Adversarial Inverse Reinforcement Learning (AIRL) has shown promise in addressing the sparse reward problem in reinforcement learning (RL) by inferring dense reward functions from expert demonstrations. However, its performance in highly complex, imperfect-information settings remains largely unexplored. To explore this gap, we evaluate AIRL in the context of Heads-Up Limit Hold'em (HULHE) poker, a domain characterized by sparse, delayed rewards and significant uncertainty. In this setting, we find that AIRL struggles to infer a sufficiently informative reward function. To overcome this limitation, we contribute Hybrid-AIRL (H-AIRL), an extension that enhances reward inference and policy learning by incorporating a supervised loss derived from expert data and a stochastic regularization mechanism. We evaluate H-AIRL on a carefully selected set of Gymnasium benchmarks and the HULHE poker setting. Additionally, we analyze the learned reward function through visualization to gain deeper insights into the learning process. Our experimental results show that H-AIRL achieves higher sample efficiency and more stable learning compared to AIRL. This highlights the benefits of incorporating supervised signals into inverse RL and establishes H-AIRL as a promising framework for tackling challenging, real-world settings.

Paper Structure

This paper contains 21 sections, 21 equations, 5 figures, 1 table.

Figures (5)

  • Figure 1: Reward learning curves for AIRL (green) and H-AIRL (red) on Gymnasium benchmarks, alongside an expert PPO baseline (blue).
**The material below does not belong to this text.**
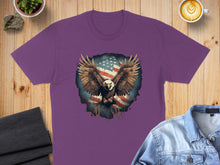 Load image into Gallery viewer, Purple t-shirt with eagle and American flag graphic.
  • Figure 2: The policy's state-level action alignment with the expert, for AIRL (green) and H-AIRL (red), across benchmarks with discrete action spaces.
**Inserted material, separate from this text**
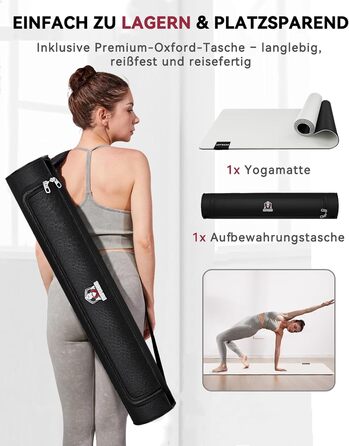 Йога мат TPE HAPBEAR XXL 183x76x5 мм - неслизька, для фітнесу, з резинками та сумкою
  • Figure 3: RL training curves of PPO or DQN agents using environment (blue), AIRL-derived (green), and H-AIRL-derived (red) rewards on Gymnasium benchmarks and Heads-Up Limit Hold'em poker.
  • Figure 4: Preferred actions according to the learned reward functions over the MountainCar state space (position vs. velocity), for each discrete action: "thrust right" (R, blue), "no thrust" (N, green), or "thrust left" (L, red).
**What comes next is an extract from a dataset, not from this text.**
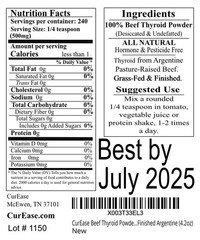 Beef Thyroid Powder – Grass Fed & Finished Argentine (4.2oz)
  • Figure 5: One‐factor‐at‐a‐time (OFAT) sweeps on MountainCar for H‐AIRL's core hyperparameters: (a) the policy supervision weight $\alpha$, (b) the discriminator supervision weight $\beta$, (c) the initial noise standard deviation $\sigma_{\text{start}}$, and (d) the final noise standard deviation $\sigma_{\text{end}}$. Each curve shows the mean performance and standard deviation over 10 independent runs.